Provided data:
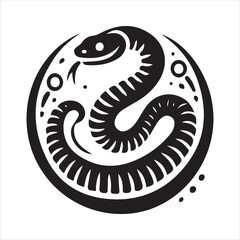 Fototapeta premium Snake vector art logo design black and white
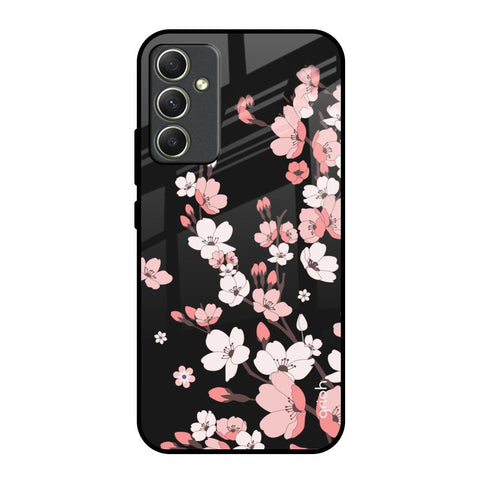 Black Cherry Blossom Glossy Case for Samsung Galaxy A34 5G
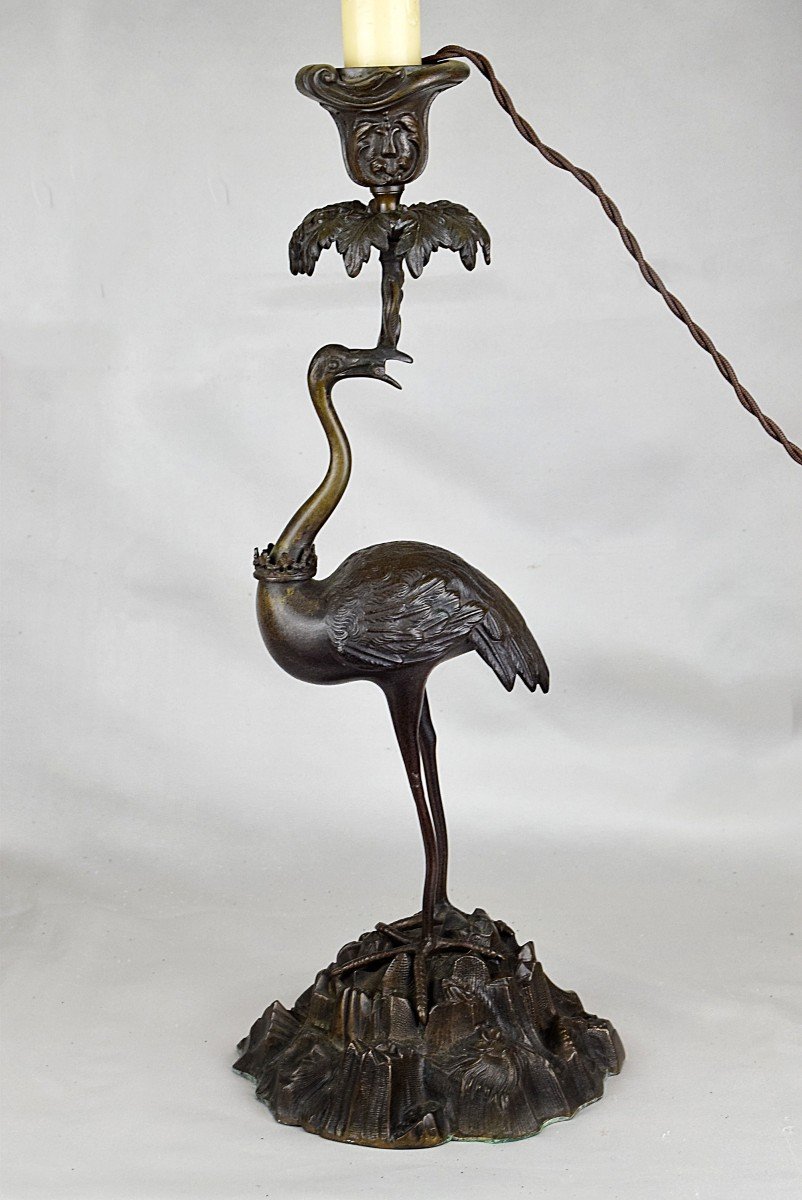 Japanese Crane Bronze Lamp Meiji Era (1868-1912)-photo-4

Aim of the task:
The data must be printed exactly, image-free.

Solution below:
 Fototapeta premium Snake vector art logo design black and white
 Black Cherry Blossom Glossy Case for Samsung Galaxy A34 5G
 Japanese Crane Bronze Lamp Meiji Era (1868-1912)-photo-4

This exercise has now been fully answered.